The first time you run this, it will take a few minutes to pull in the required images. On subsequent runs, it should take less than 30 seconds before you can connect to WordPress in your browser. (Most of this time is waiting for MariaDB to be ready to accept connections.)

The -d flag backgrounds the process and log output. To view logs for a specific container, use docker-compose logs [container], e.g.:

docker-compose logs wordpress

Please refer to the Docker Compose documentation for more information about starting, stopping, and interacting with your environment.

Install WordPress

docker-compose run --rm wp-cli install-wp

Log in to http://project.test/wp-admin/ with wordpress / wordpress.
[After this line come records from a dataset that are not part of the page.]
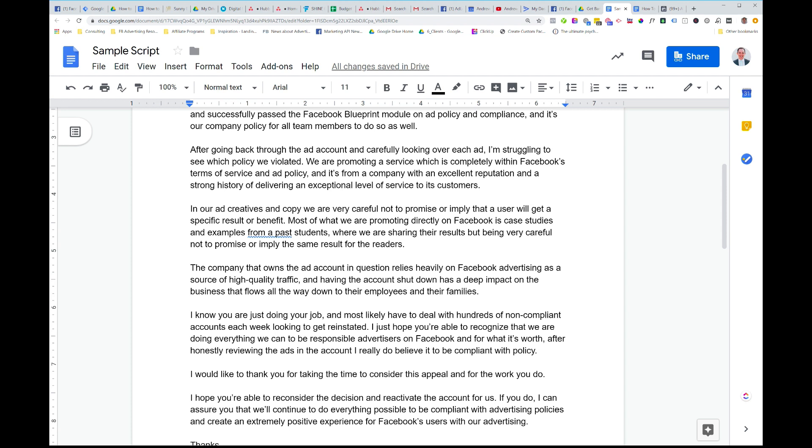Now we're just saying, look, again, we're taking a very passive approach here. We're not being aggressive. In the next paragraph, we say, I know you're just doing your job. Most likely have to deal with hundreds of non-compliant accounts each week looking to get reinstated. So we're saying, look, we know you've got to deal with this all the time. And we know that most of these appeals that you read are probably dodgy accounts trying to get reinstated, but we're not one of them. And I'm just saying here, I hope you're able to recognize that we're doing everything we can to be responsible advertisers on Facebook. And for what it's worth, after honestly reviewing the ads in the account, I really do believe it to be in compliance with policy. So just saying, look, I know you see a lot of dodgy stuff on here, a lot of shady stuff, but this is a legit business. After reviewing our account and understanding policy, going through Blueprint, I really do believe that this is compliant and this account should be reinstated.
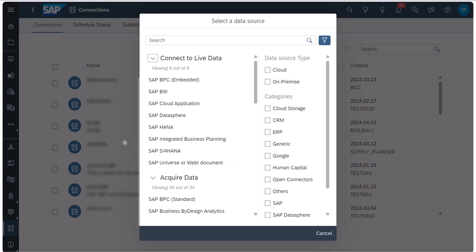To connect to live data from the SAP Integrated Business Planning System, you can select Integrated Business Planning from the list of sources.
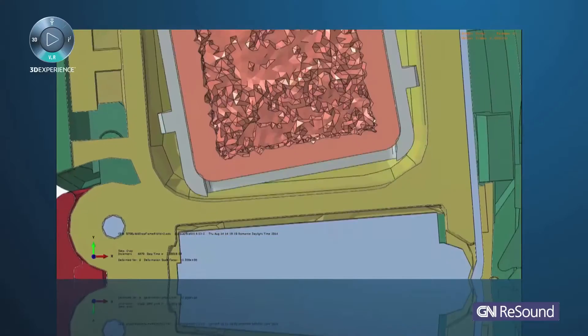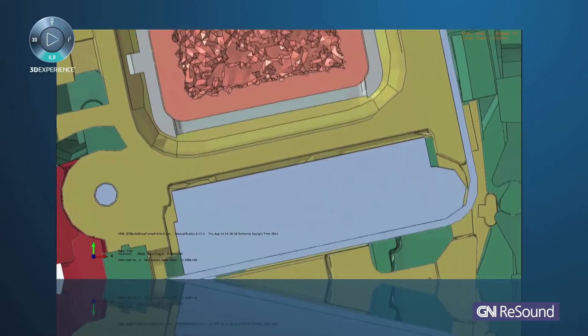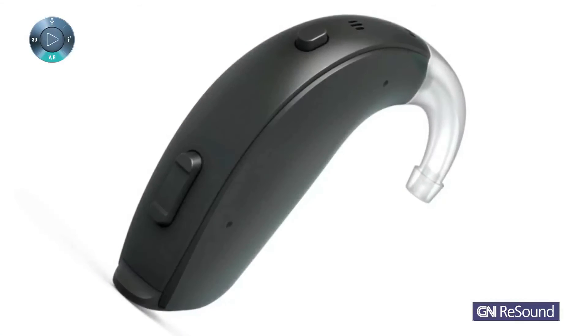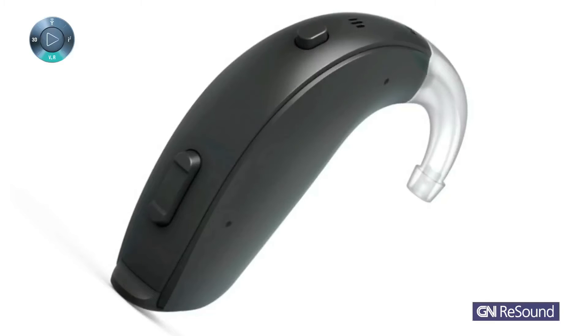The most interesting part with Abacus Explicit was when we saw the first animation of the drop impact of the hearing aid — we actually got some ideas right away because we could understand how it was absorbing the impact. At that point, with just the first animation, we already had new ideas for the next design we would try to simulate.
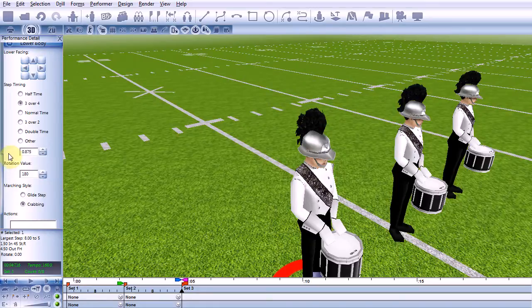Unlike other performance events, step timing changes affect only the current set and for the entire duration of that set.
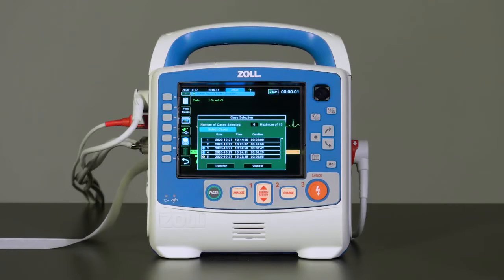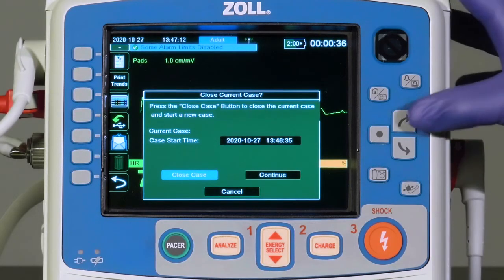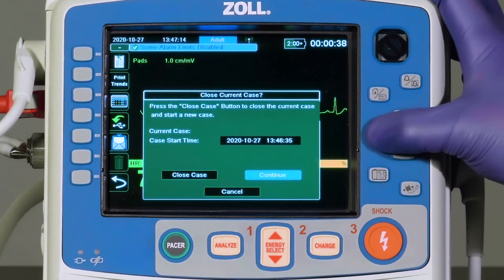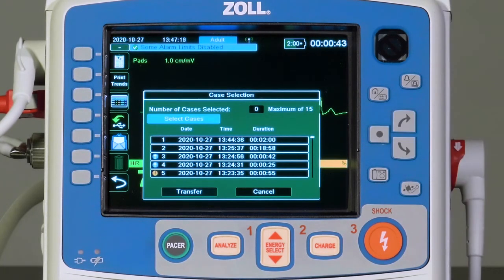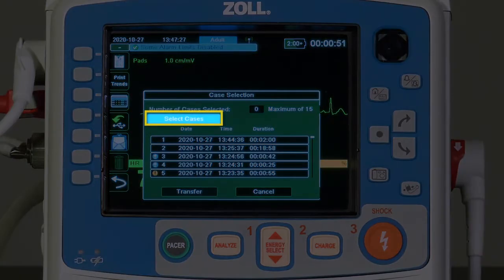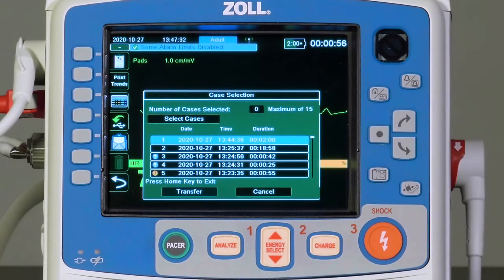When selected, the current case is completed and stored in the memory of the device. Alternatively, you can select Continue — the current case will not be closed, but allows other cases on the device to be selected. When the Select Cases key is pressed, up to 15 cases can be transferred to Zoll Online at the same time.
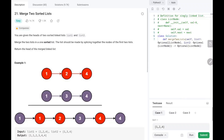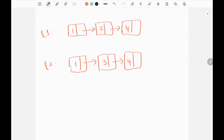Hey everyone, welcome to TechWired. In this video we are going to solve LeetCode problem number 21 - Merge Two Sorted Lists. We are given two linked lists and we need to merge them. Both linked lists are given in sorted order and there can be duplicate values. We are going to see the logic and the code in Python.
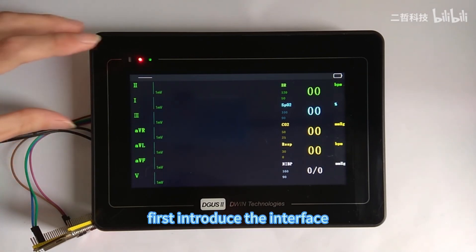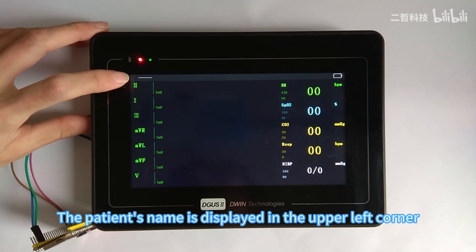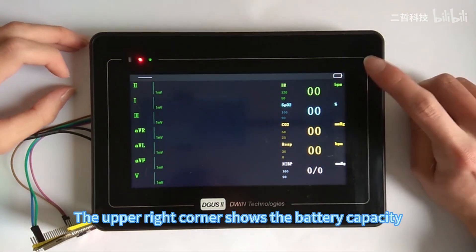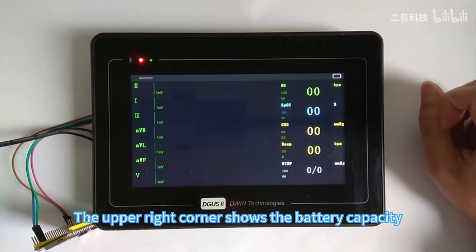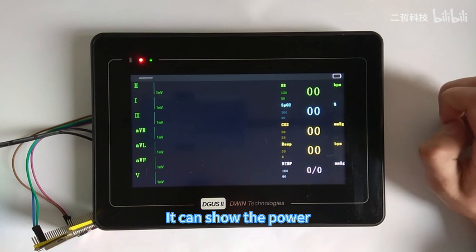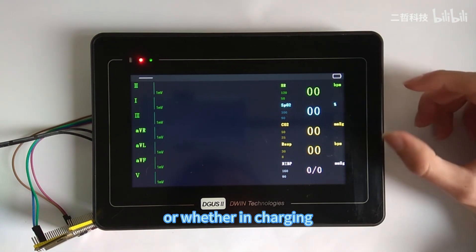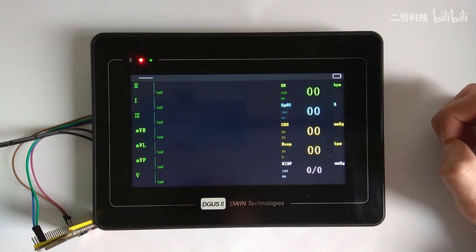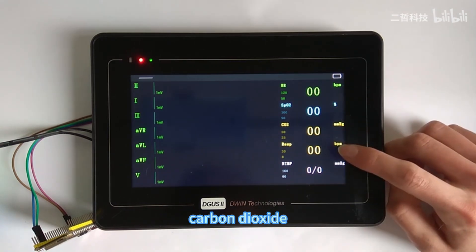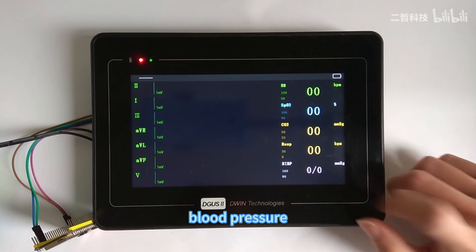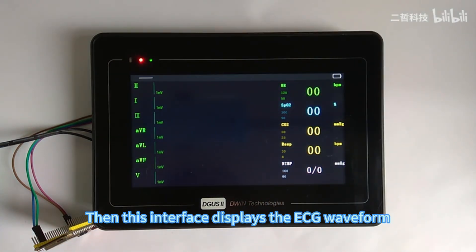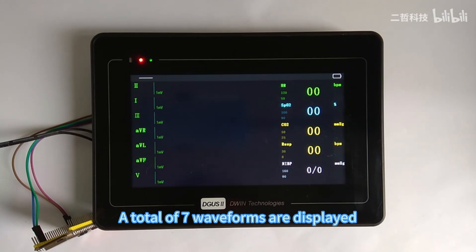First, let me introduce the UI interface. The patient's name is displayed in the upper left corner. The upper right corner shows the battery capacity. Because this is a portable ECG monitor, it can show the power level or whether it is charging. The remaining fields show heart rate, blood oxygen, carbon dioxide, respiratory rate, and blood pressure. This interface also displays the ECG waveform — a total of seven waveforms are displayed.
Alternatively, you can navigate to http://project.test/ and manually perform the famous five-second install.

WP-CLI

You will probably want to [create a shell alias][3] for this:

docker-compose run --rm wp-cli wp [command]

Running tests (PHPUnit)

The tests in this example repo were generated with WP-CLI, e.g.:

docker-compose run --rm wp-cli wp scaffold plugin-tests my-plugin

This is not required, however, and you can bring your own test scaffold. The important thing is that you provide a script to install your test dependencies, and that these dependencies are staged in /tmp.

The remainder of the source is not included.